§ Source material
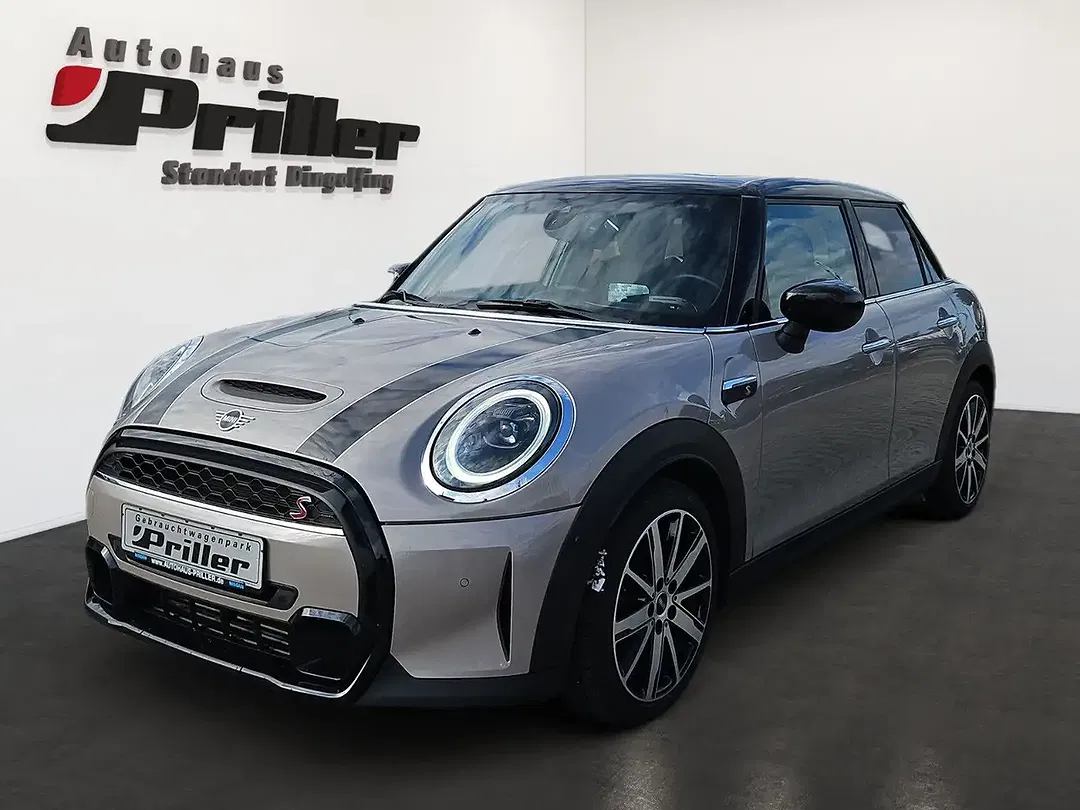 MINI Cooper S - Thumbnail 1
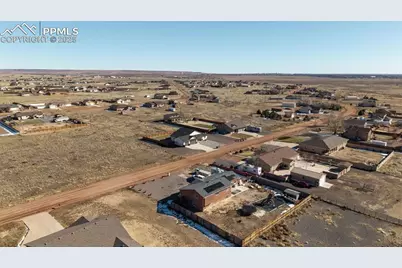 463 N Desert Cove Drive, Pueblo, CO 81007 - Photo 25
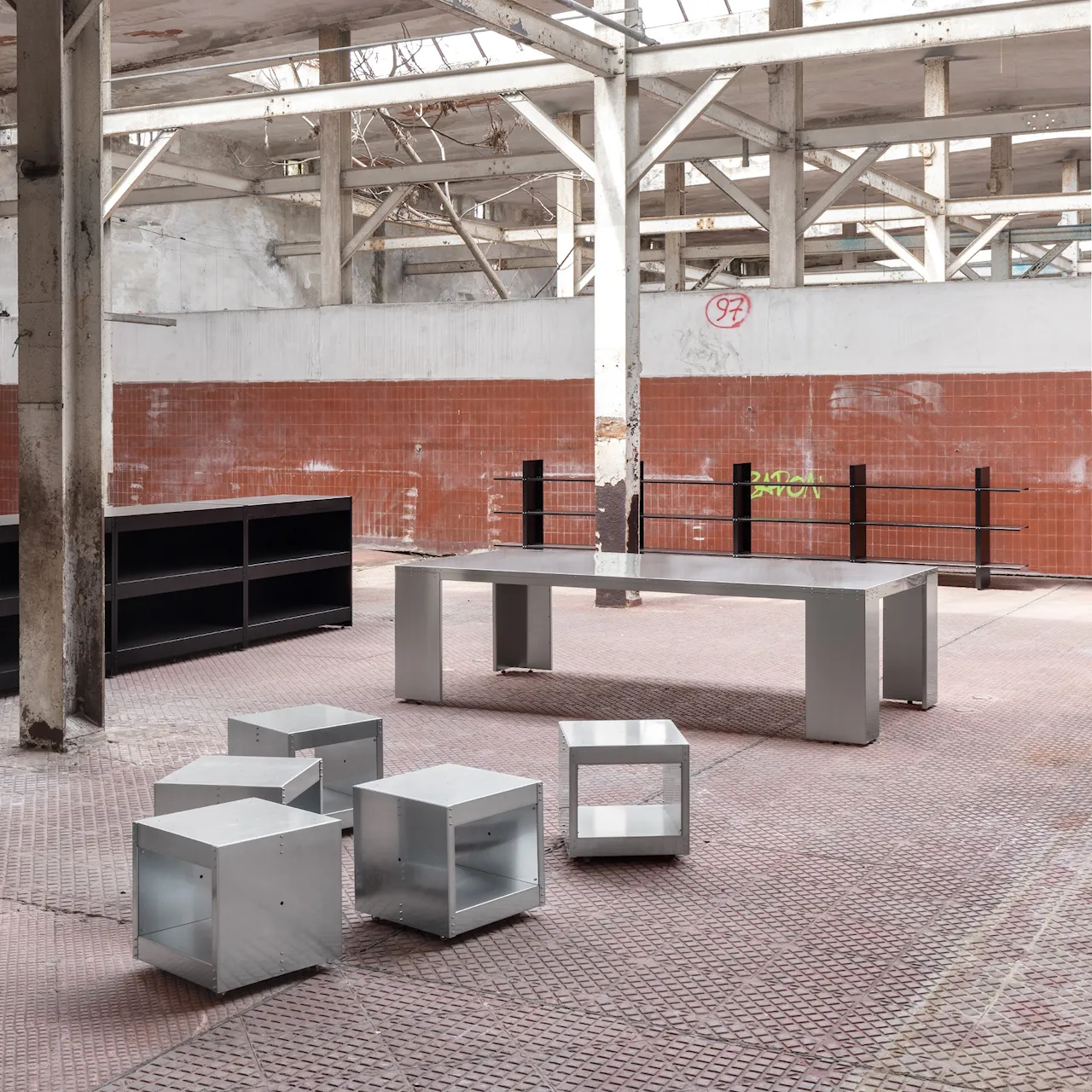 NM23 Side Table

§ Exercise objective
Output the data exactly. Leave every picture out.

§ Solved exercise
 MINI Cooper S - Thumbnail 1
 463 N Desert Cove Drive, Pueblo, CO 81007 - Photo 25
 NM23 Side Table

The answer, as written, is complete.